The year 1972 was a big one for me. I left the US Air Force, and I married the woman I still love. Once it dawned on me that I needed income to support my wife and our future family, I started looking about for what to do.

I seriously considered working in one of Southern California’s aircraft manufacturing facilities. Good thing I didn’t, instead going into banking and later academia. Most California aircraft manufacturing jobs are gone. Lots of other jobs are gone too. In 1972, Southern California was a major manufacturing center. Beside aircraft, Southern Californians built cars, tires, ships, and lots of other things.

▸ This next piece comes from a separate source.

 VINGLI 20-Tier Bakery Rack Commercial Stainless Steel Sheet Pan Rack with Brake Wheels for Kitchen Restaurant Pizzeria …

It was also a time of optimism and economic growth. California was still the place anything could be done. Since then, I’ve watched California lose one industry after another.

Today, California has few sources of economic growth. Our trade is increasingly threatened by an expanded Panama Canal, increased capacity in Mexico and Canada, and our own unwillingness to expand our ports and supporting infrastructure. Our entertainment industry is threatened by changing technology and increased competition from other geographies. Our education sector is threatened by funding challenges, bureaucracy, and a reluctance to adapt to a rapidly changing environment.

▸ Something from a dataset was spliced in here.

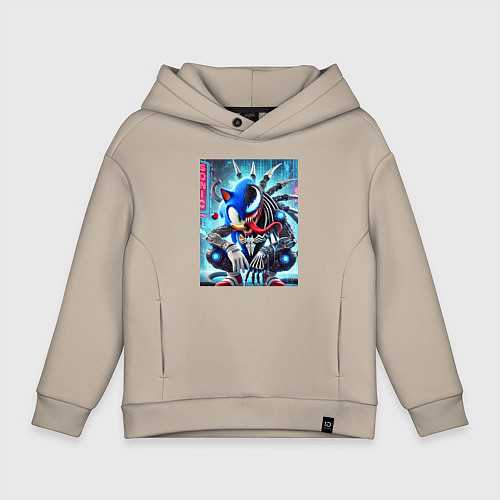 Детское худи оверсайз Sonic-Venom - ai art fantasy / Миндальный – фото 1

But, we still have one really good sector. Tech, with its venture-capital infrastructure and concentration of talent, will be a persistent source of economic strength for California. Or, so I thought before I recently met Dino Vendetti.
Vendetti is a serial entrepreneur and a veteran venture capitalist. He’s a Silicon Valley insider. He’s a threat to California’s tech future.

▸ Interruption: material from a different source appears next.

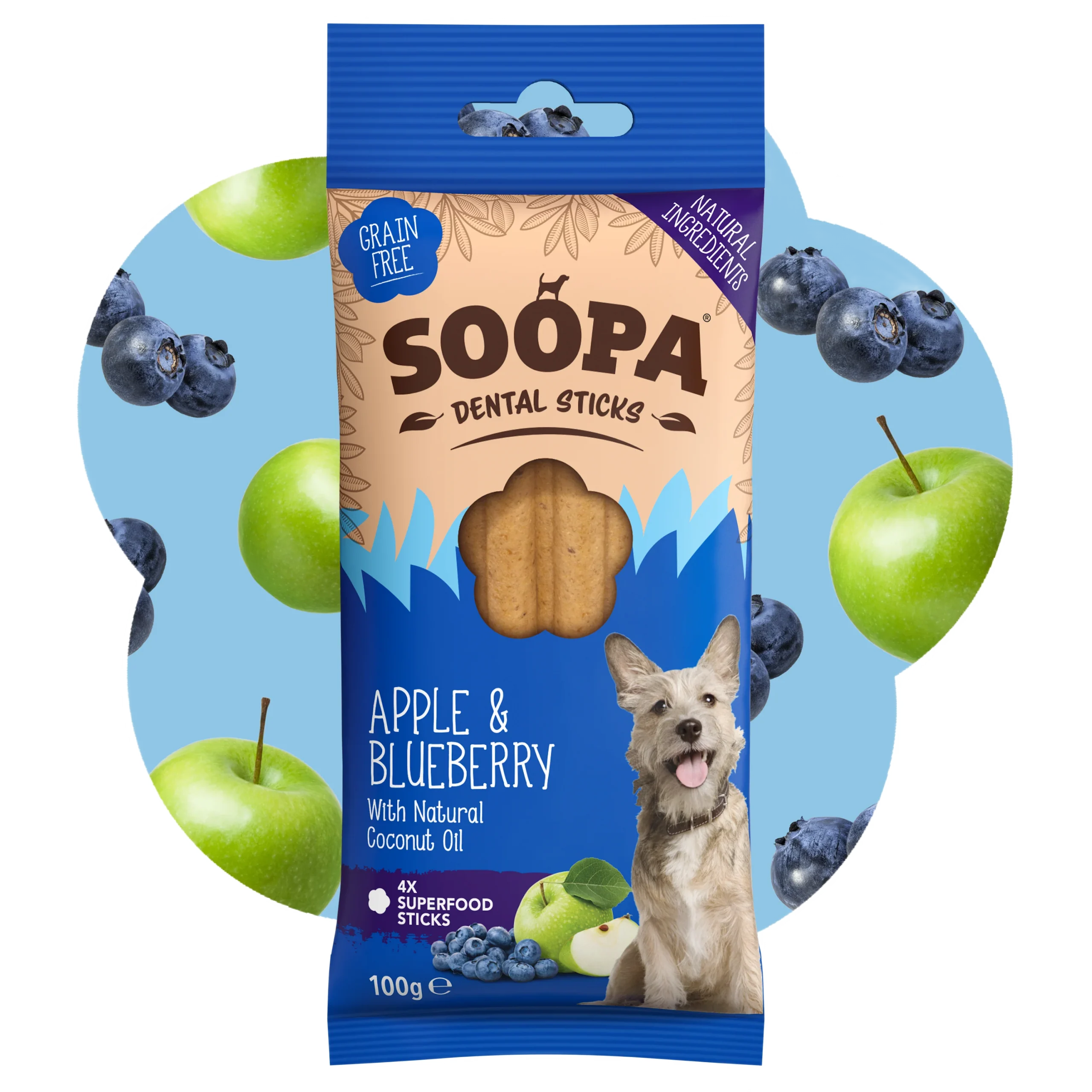 Soopa dental sticks apple & blueberry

Startups used to require $10 million to $30 million to get going. The big investment was associated with big burn rates (rate at which losses ate up capital). They required big teams and big infrastructure. Because of this, they located in the Silicon Valley, New York, or Boston.

Not any more according to Vendetti. He talks about structural changes going on in early-stage tech entrepreneurship. According to him, the cloud, open-source development tools, low-cost bandwidth, web 2.0 as a distribution channel, modern accelerators, and scalable business models have allowed low burn rates by delaying scaling until revenues materialized.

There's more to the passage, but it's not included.